Stash is a New York fintech company that develops a subscription-based personal finance app aimed at customers who may not have invested money before. Stash’s website and mobile platform help people invest small and grow wealth, bank, budget and save, and get financial advice.

The challenge

Stash’s machine learning team provides critical tools and resources for modelers and researchers to manage the app’s activity, including protecting the system from fraud, optimizing model execution time, and lowering compute costs and time to market.

Katrina Palen, an ML platform engineer at Stash, said the company had been using “a homegrown process” to manage its pipeline and realized it needed a more efficient, less costly solution.

The team performed a comprehensive evaluation of popular orchestrators on the market, seeking a platform that was easily configurable with code and easily debugged, observable and simple to use. The team also wanted transparency and traceability for all models, standardized processes across researchers and machine learning algorithm developers, and flexibility for scientists and researchers while freeing them from DevOps tasks.

The solution

Palen said the ML team at Stash chose Flyte after reviewing Kubeflow, Prefect and Airflow, which it had been using at that time for workflow orchestration.

Explaining why the Stash team chose Flyte, Palen noted that Stash had many researchers with different coding styles and levels of familiarity with structuring. It was critical that they all have a good experience, and Flyte delivered that.

“We want to make writing a workflow for people's jobs pleasant and straightforward, so I think this is a big deal because if it’s not simple and easy, people aren’t going to adopt the technology, so this one was a really big one for us,” she said.

Flyte also brought a unique setup for Stash, which was running a self-managed Kubernetes cluster on AWS with an Apache Spark operator — an open-source, multi-language distributed processing engine that uses Amazon EMR clusters to run big data pipelines.

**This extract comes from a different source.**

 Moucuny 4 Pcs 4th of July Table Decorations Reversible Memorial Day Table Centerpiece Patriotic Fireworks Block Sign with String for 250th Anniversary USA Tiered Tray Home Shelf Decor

The Stash ML team implemented Flyte in three stages: First, it deployed Flyte and configured Spark on Kubernetes. Then, it wrote Spark tasks to abstract specific configurations away from modelers, rewriting existing Airflow workflows into Flyte pipelines. Finally, the team transferred all legacy models into Flyte workflows and created a demo workflow for modelers to use.

“What’s great now is that every single new model that comes out is being done on Flyte, and it's really exciting to be working with the modelers and having them write their own workflows and their own launch plans,” Palen said. “They’re becoming more and more self-sufficient with every single release.”

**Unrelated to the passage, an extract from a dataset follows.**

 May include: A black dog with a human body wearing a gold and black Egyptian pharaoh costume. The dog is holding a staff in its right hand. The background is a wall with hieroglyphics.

Before Flyte, Stash didn’t have the ability to allocate resources by task, so it was forced to provision huge clusters of work that required vast — and costly — amounts of memory. “We’re running those types of workloads very efficiently now,” she said.

Stash also benefits from Flyte’s domain separation, which allows “environment-based resource allocation and configuration isolation,” Palen said. “Just having that in our new environment allows us a lot of flexibility in terms of testing new workflows as well as being really controlled over the types of resources that we’re using.”

Flyte offers strong typing and a more robust set of tools for building and deploying machine learning models, which has improved quality control, Palen added.

The results

In Flyte, the team found the right solution that provided advanced features, superb flexibility and unprecedented cost savings, on average, for each batch inference run.

By using Flyte, Stash cut its provision time by 50%, reduced its model execution time by 65% and lowered its compute costs by 67%.

Those results don’t yet include any savings from the caching or data set management capabilities that allow resources to be provisioned by task. “So, over time we’re expecting to save even more,” Palen said.

While the fintech company is still using Spark and EMR, it has been able to reduce its dependency on the latter, capturing even more savings. Stash is continuing to integrate Flyte into its processes and is eager for the community’s input to help optimize its pipelines as its business develops.